Join Date: March 11, 2006
Location: Upper US
Posts: 20,324
Quote:
just bought "The Blue Book for Guns" so he can shove it in the face of the seller and show them how much they are kidding themselves.
there is another side to this coin. The Blue Book has been a standard GENERAL reference for generations. It is useful, but it is not (and never was) Holy Writ.

First, the prices are at least a year, and sometimes two or more out of date. This comes from the pre-electronic era when it took more than a few mouseclicks to gather the data, and then published. The other thing is there was, and still is regional market differences.

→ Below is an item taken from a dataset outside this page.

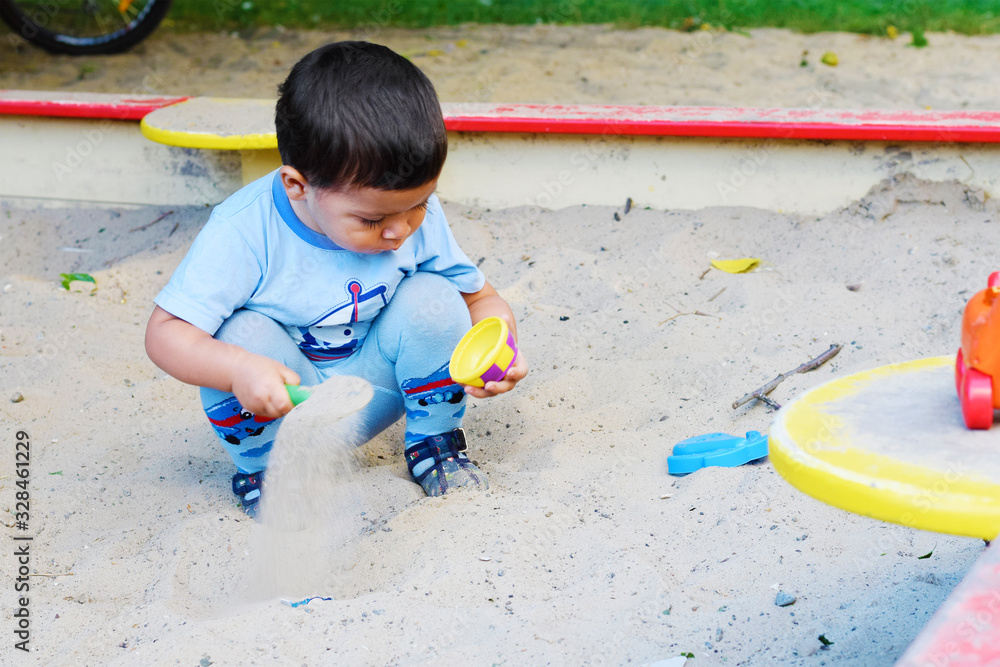 Fototapeta premium Little latin boy playing with sand in the sandbox.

Less so today with the Internet allowing shopping all over, and tending to level regional price differences, but they still exist for many guns, simply due to their popularity in various local areas.

The other side of the coin I mentioned is sellers who think that every piece of dreck they have is worth full "book value". I've seen this a lot, as well.

Seen guns sit and sit, show after show, because the guy thinks he has to have "book value" and no body is willing to pay that much for what he has.

Every old gun is NOT a valuable rare antique. It MAY be, or it may just be old junk no one wants anymore. Simply put, collectable (anything) firearms are only valuable and collectable if someone WANTS them. A gun featured in a popular movie may get a sudden boost with people wanting them that never before did, and willing to pay above market rate to get one.

One of the most famous examples was the S&W M29 Dirty Harry "syndrome". S&W had been making the gun since the later 1950s, and sales were steady enough, but not huge. Dirty Harry (71) changed that. Almost overnight everyone wanted one. S&W would sell you one, for the MSRP of $238.50, but you had to wait your turn and S&W had so many orders the backlog was over two years in the mid 70s. So the market did what it always does, supply and demand capitalism. I watched a friend of mine buy a nickel 6" M29 in 76, and happily paid the demanded $450 when the MSRP was $238.50, because that price got him his gun TODAY not two years+ from now.

SO, is ANY M44 worth $700? not to me, but then I had more than a few (and the better M38) for $75 in ages past. Sold my last one a few years ago for $450. If I still had it today, I'd happily sell it for $650, if you were foolish enough to pay that.
__________________
All else being equal (and it almost never is) bigger bullets tend to work better.